Anche Amelia ha espresso rammarico per i tifosi. 'La delusione è che i tifosi non possono vivere l'emozione che si prova durante un Mondiale', ha detto. 'Spero che possiamo ripartire alla grande.' La nota di ottimismo, seppur cauta, ha ricordato che il calcio italiano si è rialzato dalle ceneri — la vittoria del 2006 stessa è seguita ai giorni più bui dello scandalo delle scommesse.
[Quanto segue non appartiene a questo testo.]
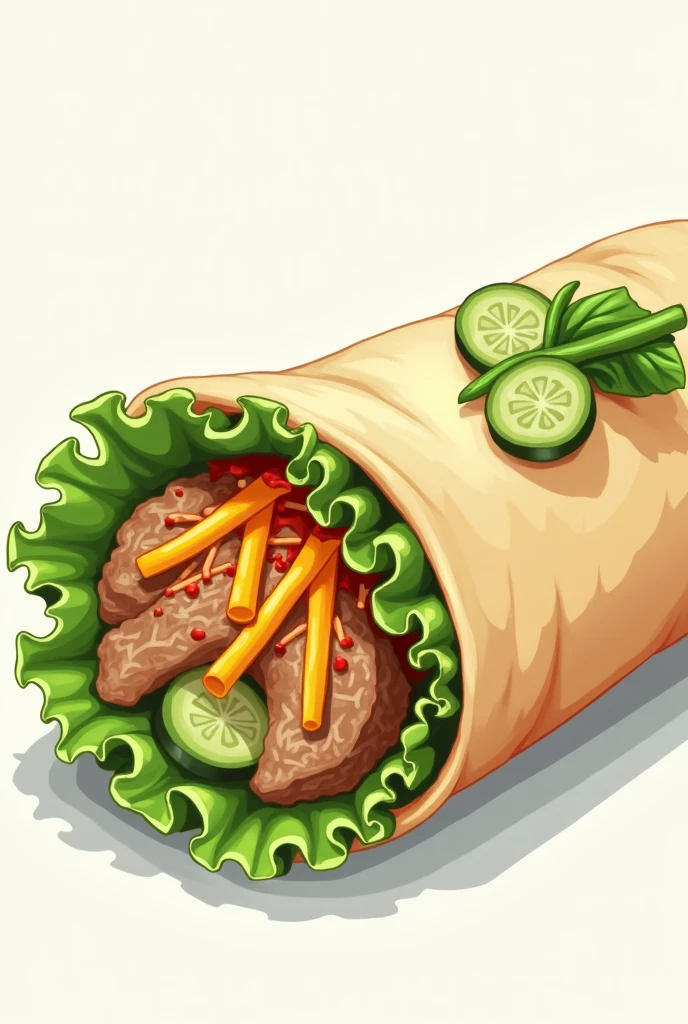 Lettuce placed horizontally、Cucumber、meat、Illustration of a burrito filled with cheese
Mentre la riunione volgeva al termine, i vecchi campioni si sono mescolati con la prossima generazione di talenti ai premi Golden Boy, un passaggio simbolico del testimone. Tuttavia, l'ombra di quelle notti gloriose a Berlino aleggiava. Per Grosso, ogni rigore che guarda ora riporta un lampo di quel momento: 'Ricordo solo la sensazione di camminare verso il dischetto e colpire quel pallone con tutta la mia forza. Ho cercato di svuotare la mente, di capire l'obiettivo. Tanti di noi hanno superato i propri limiti.'
Le sue parole hanno catturato l'essenza di quella squadra italiana: un gruppo che univa fame, cattiveria, determinazione e qualità in egual misura. Se gli attuali Azzurri possano riscoprire quella formula rimane una domanda aperta, ma per una notte a Solomeo, gli eroi del 2006 hanno offerto un manuale su come realizzare l'impossibile. Basato su un reportage di Tuttosport.